Solution Tree also operates allthingsPLC.info, an online resource that provides helps educators in PLCs collaborate in an online global learning community. Through the website, schools and districts can apply to become model PLCs, which requires that applicants meet a set of criteria and reapply annually. Four times per year, Solution Tree publishes AllThingsPLC Magazine, which features information about PLCs and personal commentaries from educators.

== Collaborators ==
Solution Tree collaborates with experts in education topics, such as Richard DuFour (PLCs), Robert J. Marzano (evidence-based education), James Bellanca (deeper learning), Timothy Kanold (mathematics), Kurt W. Fischer (educational neuroscience), and Will Richardson (technology in education).

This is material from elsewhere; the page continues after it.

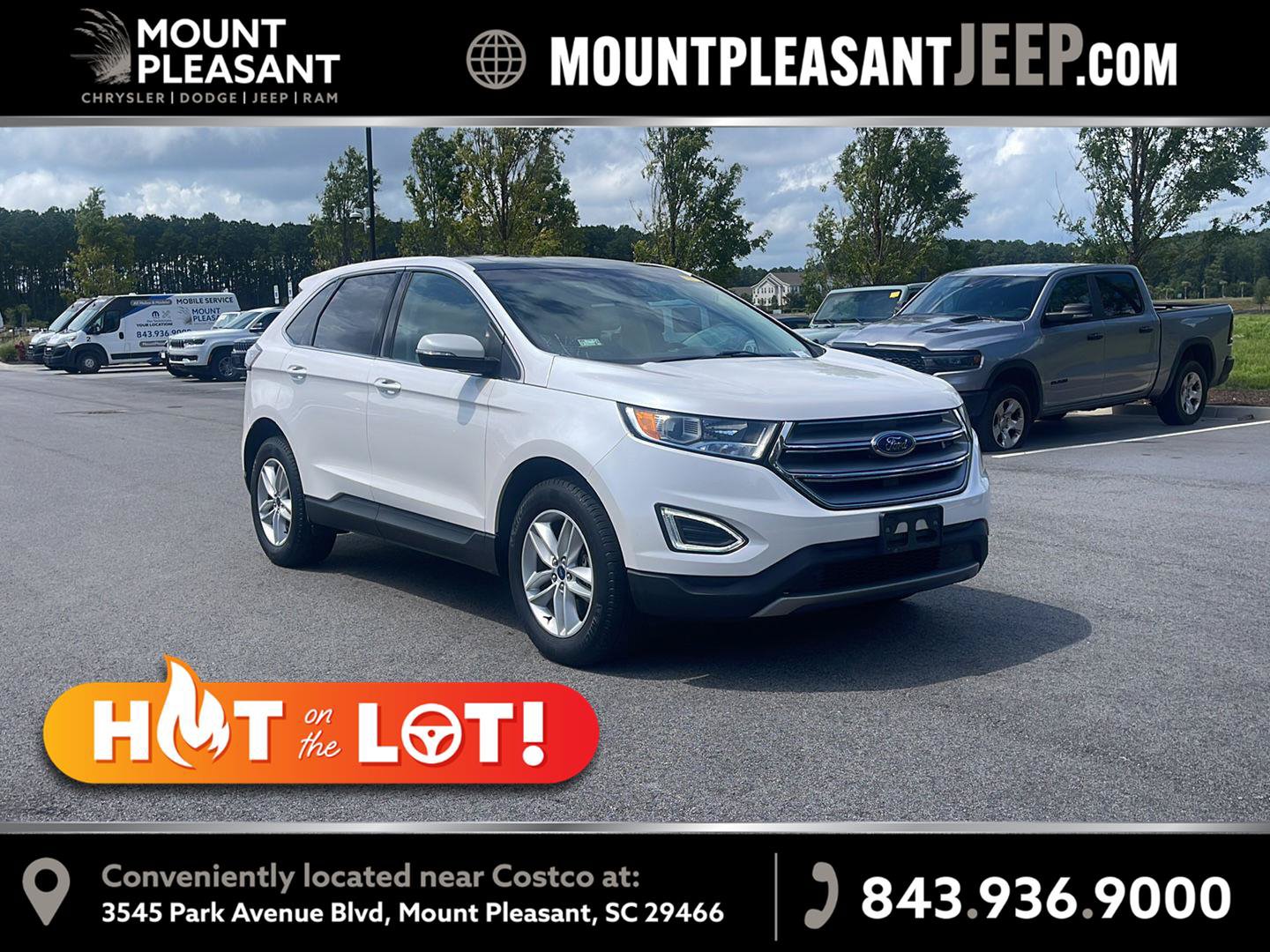 Used 2018 Ford Edge SEL w/ Equipment Group 201A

The company often publishes and partners with professionals currently in the education industry to provide their expertise in education. This has raised questions in transparency in private earning by school officials. DuFour said that it represents a shift toward educational materials being written by educators.

== Professional development ==
Solution Tree provides various forms of professional development for educators. Working at the school or district level, Solution Tree offers short or long-term PD, from one-day events or workshops to in-depth, long term arrangements. In 2014, Solution Tree launched Global PD, an online tool designed to help schools and districts facilitate the work of PLCs.

== Acquisitions ==
In 2017, Solution Tree acquired Hawker Brownlow Professional Learning Solutions (HBPLS).